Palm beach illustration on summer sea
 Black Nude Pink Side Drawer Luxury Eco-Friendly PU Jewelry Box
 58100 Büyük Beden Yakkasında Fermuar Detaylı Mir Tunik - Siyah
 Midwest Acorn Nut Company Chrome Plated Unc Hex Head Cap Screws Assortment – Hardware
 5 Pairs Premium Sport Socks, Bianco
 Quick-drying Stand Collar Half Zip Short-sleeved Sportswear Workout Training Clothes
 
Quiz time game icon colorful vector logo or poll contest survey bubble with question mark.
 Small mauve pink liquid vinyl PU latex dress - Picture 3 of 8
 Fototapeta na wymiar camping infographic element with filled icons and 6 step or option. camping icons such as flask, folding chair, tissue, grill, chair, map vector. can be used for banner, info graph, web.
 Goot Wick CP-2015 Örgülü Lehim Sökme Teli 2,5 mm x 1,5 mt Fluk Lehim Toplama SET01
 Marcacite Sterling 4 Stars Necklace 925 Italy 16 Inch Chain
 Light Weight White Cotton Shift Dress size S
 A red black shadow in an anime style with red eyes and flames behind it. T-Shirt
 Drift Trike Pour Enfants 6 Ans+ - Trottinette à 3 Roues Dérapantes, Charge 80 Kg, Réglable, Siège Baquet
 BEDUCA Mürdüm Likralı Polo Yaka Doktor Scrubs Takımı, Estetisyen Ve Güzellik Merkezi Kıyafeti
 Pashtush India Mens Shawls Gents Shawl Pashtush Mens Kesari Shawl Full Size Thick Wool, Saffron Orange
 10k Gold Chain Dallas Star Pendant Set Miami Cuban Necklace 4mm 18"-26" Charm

● ● ● ●

WHAT TO WORK ON:
Above are the records; from them, give again exactly the lines from the one containing "Quiz time game" to the one containing "Small mauve pink", both lines included, and nothing more.

EXERCISE ANSWER:
Quiz time game icon colorful vector logo or poll contest survey bubble with question mark.
 Small mauve pink liquid vinyl PU latex dress - Picture 3 of 8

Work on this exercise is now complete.